He's the founder of Defense Distributed, and in fact, Ammoland just said this.

Cody Wilson had a goal.

That goal is to make all gun control irrelevant.

Starting on July 27th, 2018, his goal will come to fruition.

You believe that, Cody?

Oh, I think in the hearts of men, it's already irrelevant.

Strangely, you seem more humble than when we spoke five years ago.

What has life been like with you for the last five years?

Well, you know, humbling could be an answer to that question.

But,

you know, there's when you get started,

there's being real hungry, right?

There's being real ready for it.

And then there's

the world to give you everything you want in terms of difficulty.

So

it's cool, man.

I've been watching YouTube.

You get out there for long enough, you know, you you just try to you try to stay in the game and there's there's a lot of room for being disheartened and you need courage and you need strength and it's nice.

It's I I feel like I've been tempered somewhat by uh the difficulty.

Yeah, I feel the same way.

Uh, Cody, tell me, was it a humbling experience or was it cool to be named Wired Magazine's 15 Most Dangerous People in the World?

Oh, man.

You know that happened when I was 24 years old, so what do you what do you think I did with that?

Like,

what do you

ender?

No, no, sir.

No, sir.

I walk in any room and in any bar in the world and make use of that.

Yeah.

Why did they say that about you?

Was it just this?

Or, I mean, you have, with cryptocurrency, I can't figure out where you are really because

you wanted to be on the board of Bitcoin to destroy Bitcoin.

Oh, no, sir.

Well, I mean, the foundation, you know, I didn't think that Bitcoin needed stewards or institutional representatives.

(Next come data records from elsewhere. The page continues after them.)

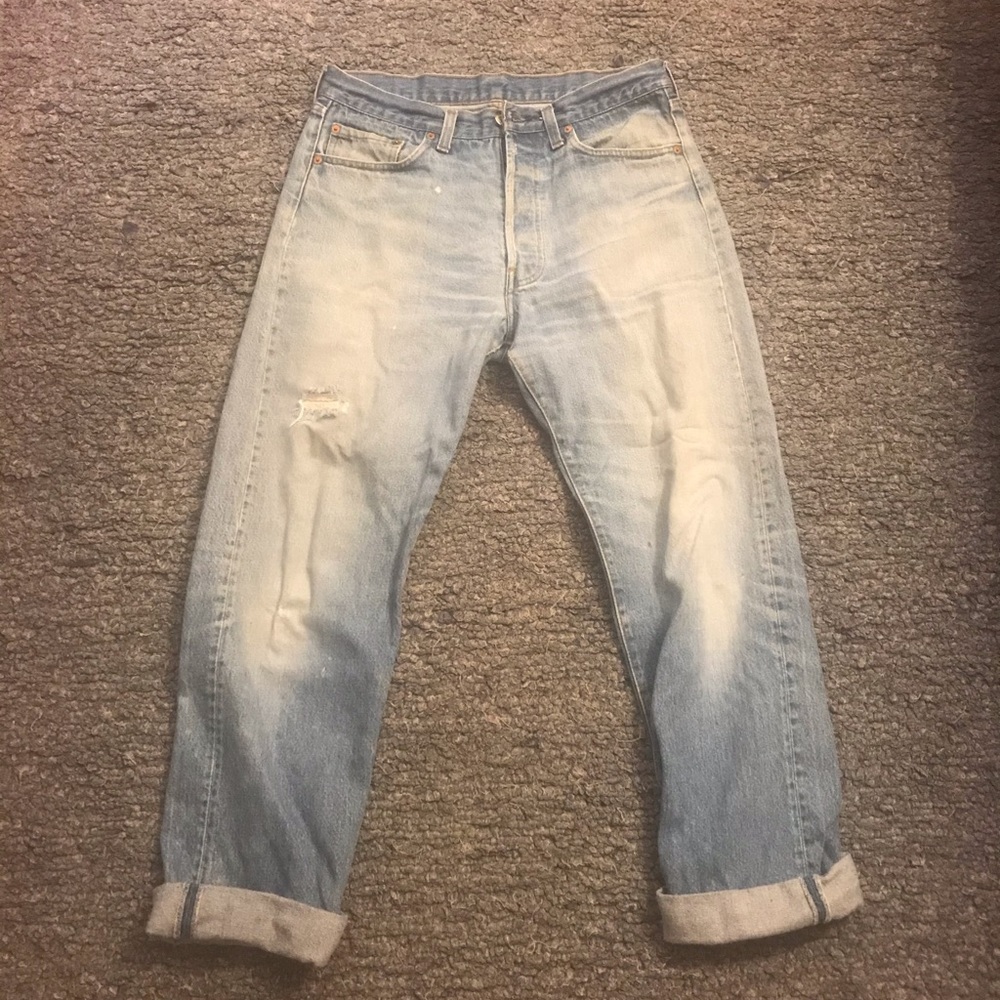 Vintage Levi’s 501 High Waist 30x32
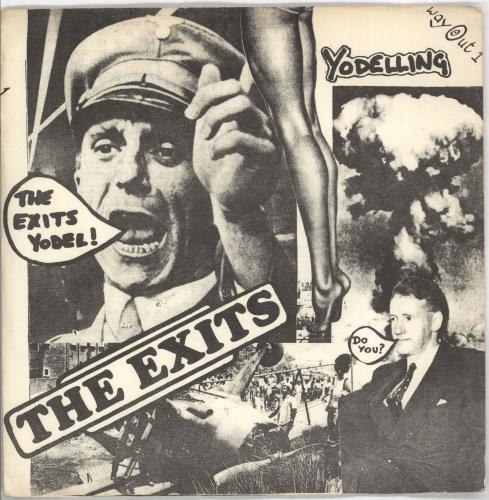 The Exits Yodelling 7" vinyl single (7 inch record / 45) UK Y3307YO707678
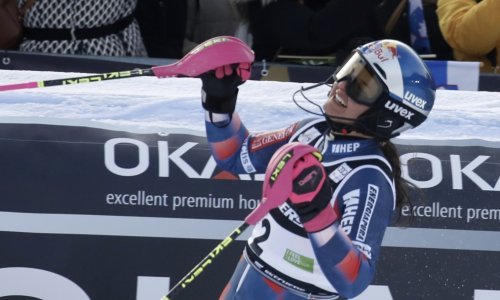 Sjajna Zrinka Ljutić druga s malim zaostatkom iza vodeće Shiffrin, pala vodeća slalomašica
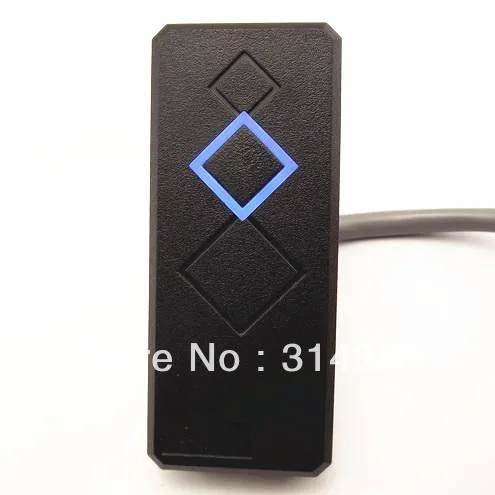 

Free shipping!New 125Khz,wiegand26/34 dual Led 9V 12V epoxy packaged Reliable RF contactless EM4100/4102 ID card READER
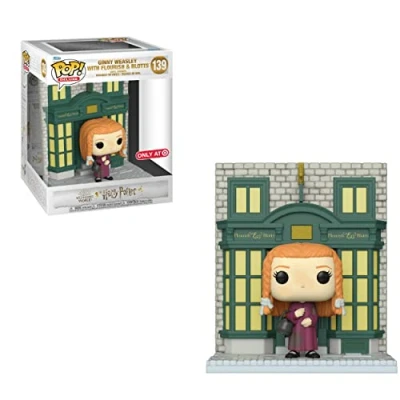 Immagine di POP! Deluxe Harry Potter 139 Ginny Weasley with Flourish &amp; Blotts (Special Edition), Multicolore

You know, I felt like, why interface with the government?

Why volunteer anything?

You know, they couldn't catch up.

Why help?

So I love Bitcoin.

Oh, man.

Bitcoin is, you know, I started taking Bitcoin in 2012 to help with my project.

And that was probably the single best decision I ever made.

Shut up.

I sat with Mark Andreessen about that same time.

And he said, Glenn,

you should accept Bitcoin.

And I was like, yeah, yeah, we should do that.

And never did.

What a fool.

Was it even at 300 per coin back then?

Cody, or did you?

You guys did them at 9 and 12.

Oh, my gosh.

Oh, my God.

It was, listen, it was nice, okay?

Now,

when it went up to 1,000, I cashed out quite a bit, maybe half at the time, and took off my manufacturing bank.

But it was still beautiful.

Yeah, yeah, yeah.

Yeah.

And to this day, I have quite a bit.

So I'm

what do you think the future is?

Because Bitcoin became too hot.

It just became a trend, a fashion trend.

And people really didn't even understand it, I think.

Where do you think it goes from here?

Well, this is

somewhat cyclical, like the public apprehension of it.

So, yeah, it got really overheated to 20,000, but I think we'll see 20,000 again.

And

honestly, I believe in the monetary economics of Bitcoin.

You know,

like you teach sound money.

I believe that Bitcoin is perhaps the soundest money to have ever been created

on its principle, on technical principle alone.

But there's also a beautiful community of people developing around it and all kinds of institutional tie-ins that are just almost in the offing.

And

look, I think

it's here to stay, at least in concept.

But even I believe that Bitcoin itself is the innovation.

It's not the other technologies.

It's that we really did create,

by an order of magnitude, a more sound money than even hard currencies.

Where do you stand on things like AGI and ASI?

Do you think we're going to get there?

You know what?

I don't know if I know what you mean.

AI is artificial intelligence.

GI is artificial general intelligence.

And ASI is super intelligence.

Got it.

Okay.

Well, in the computer science problem, I think

a general AI is actually like, you know, a fantasy.

But

I actually do believe that.

I don't believe that AI is the kind of global threat that we hear about all the time from people.

Really?

Why?

Yeah.

Well, I mean, I'm one, I'm not a computer scientist, but with like philo my background in philosophy of science and other things, I I actually believe it's a more than a difficult problem to create a a general intelligence.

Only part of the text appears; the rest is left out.